The third and last course was dessert. To relive my France trip, where I always took a cheese course if offered, I ended up opting for a cheese plate instead of a sweet dessert. I got one mild goat cheese, one goat cheese made in a camembert tradition, one a mild aged cow's milk cheese and an epoisse. To accompany the cheese was fig and pastachio, fruit jam, marcona almonds, and port wine jelly. To accompany the whole plate, of which I did not get a photo of, were the cutest baby baguettes about 3 inches long by 1 inch diameter. This was the perfect ending to my meal. The slices of cheese were big enough to have multiple tastes, but small enough to be an appropriate serving. I mixed and matched the the flavors on the plate, and the ultimate combination was the aged cows milk cheese with dried fig on top of a piece of the baguette. Others had a chocolate peanut butter dessert with popcorn ice cream. The ice cream is made from New York grown corn purchased from the New York Green Market. The ice cream was definitely popcorny in flavor, and appropriate for the dish. I don't think that I would eat popcorn ice cream normally, but it kind of worked in this whimsical dessert.For my second course, I opted for the lamb tenderloin with roasted artichokes and arugula. The staff poured the sauce over the lamb then dotted it with olive oil. I opted wisely. The presentation was beautiful. The flavor was lamb like but not gamey. The flavor and preparation is unlike any lamb I have ever had. It was delicious and tender. The other entree I tasted was the braised beef cheek with bordelaise sauce.
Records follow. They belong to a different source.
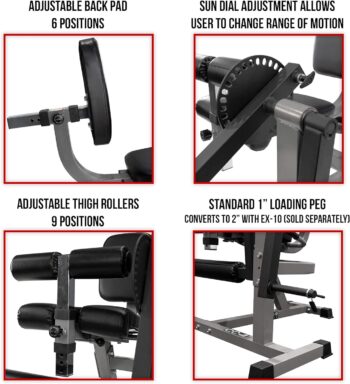 Valor Fitness CC-4 Adjustable Leg Curl Extension Machine 8 Positions- Plate Loaded Max Weight 150 lbs - Home Gym Hamstring Workout, Quad Exercise Equipment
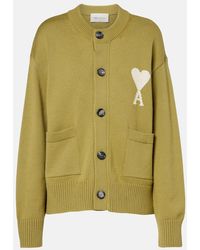 Ami Paris - Ami De Cour Wool And Cotton Cardigan - Lyst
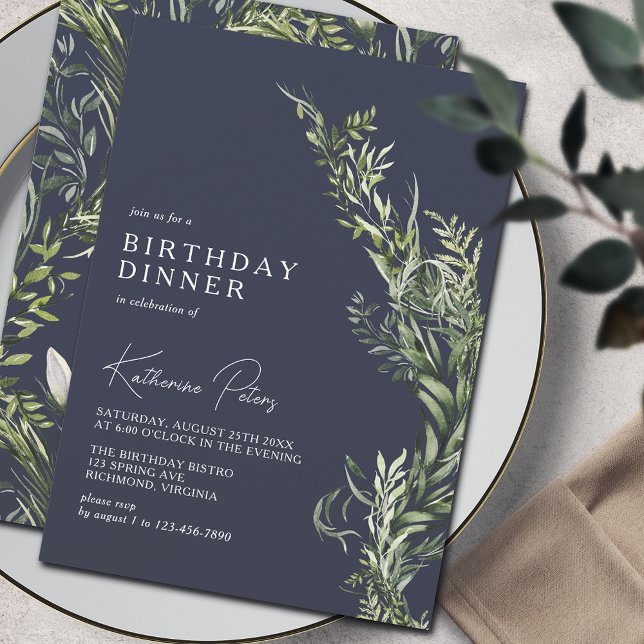 Blått modern Elegant Botaniskt födelsedag Inbjudningar (Skapare uppladdad)
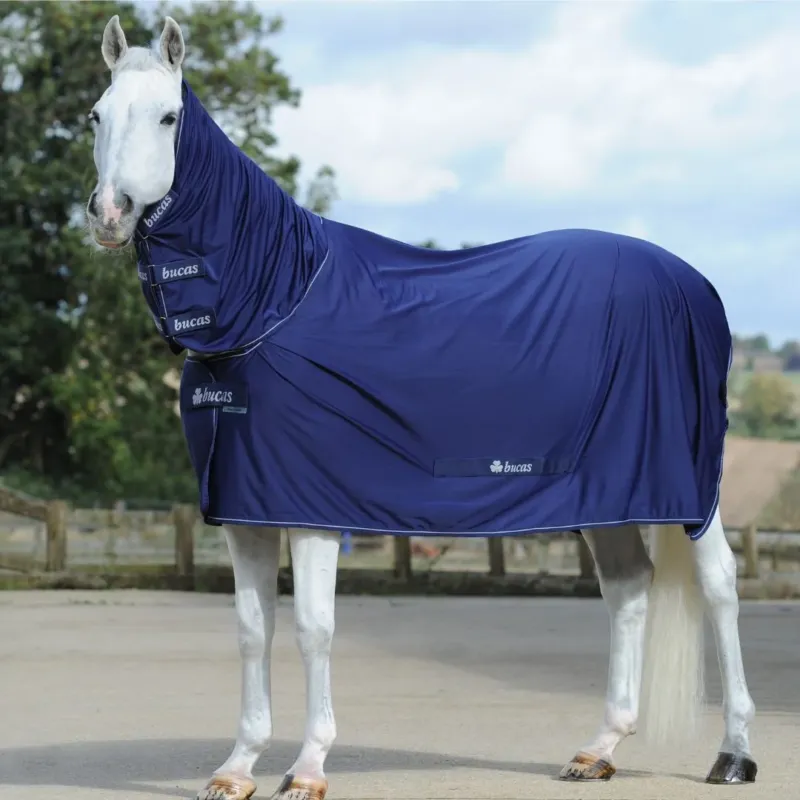 Authentique Couverture schante Bucas Power Cooler et cou - 140 cm - Bleu marine / argent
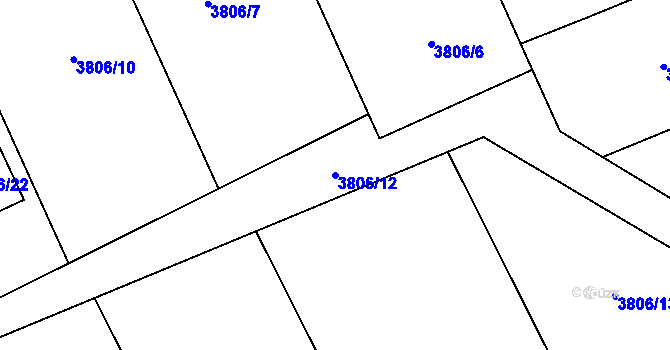 Parcela st. 3806/12 v KÚ Varnsdorf, Katastrální mapa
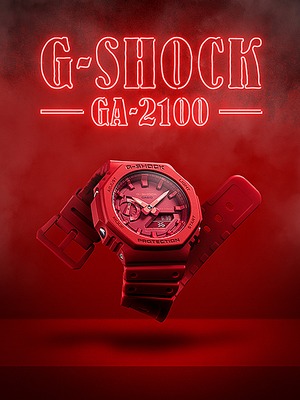 CASIO カシオ G-SHOCK Gショック カーボンコアガード構造 八角形フォルム GA-2100-4A レッド 腕時計 メンズ レディース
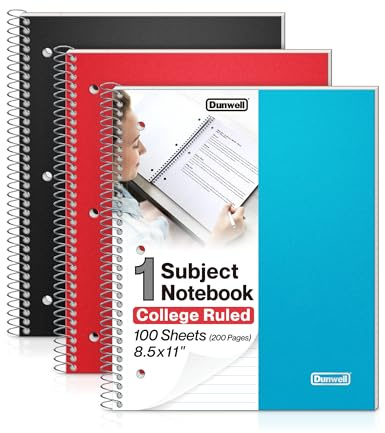 Dunwell 1 Subject College Ruled Notebooks, (3-Pack, Red, Blue, Black) Spiral Notebooks 8.5 x 11, Plastic Covers, Poly Pocket Dividers, 100 Sheets (200 Pages), 3-Hole Punched Perforated Paper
I have never had beef cheek before, but it seems to be a fatty piece of beef with a texture of brisket. The fattiness of the cheek melted away during braising, leaving a really nice melty piece of beef. Others had lobster, pork and char. The 2nd courses seem to be a big hit all around the table.
It was a fantastic celebration of a 50th anniversary for sure. As most things go, this good thing had to come to an end. We had to leave before the limo turned into a pumpkin.
Labels: New York Eats
2 Comments:
POPCORN ice cream? Here I've been dallying in cornsicles.
Corn plus butter plus salt, you think? I need myself an ice cream maker. Or a plane ticket.
Can you imagine caramel corn ice cream? Hm...
Oh yea, Popcorn Ice Cream. We were trying to deconstruct the ice cream to see if we could make it. We have no idea. But, Diana Foodie, you may be onto something with the Caramel Corn Ice Cream... mmm, now that sounds yummy on anyday.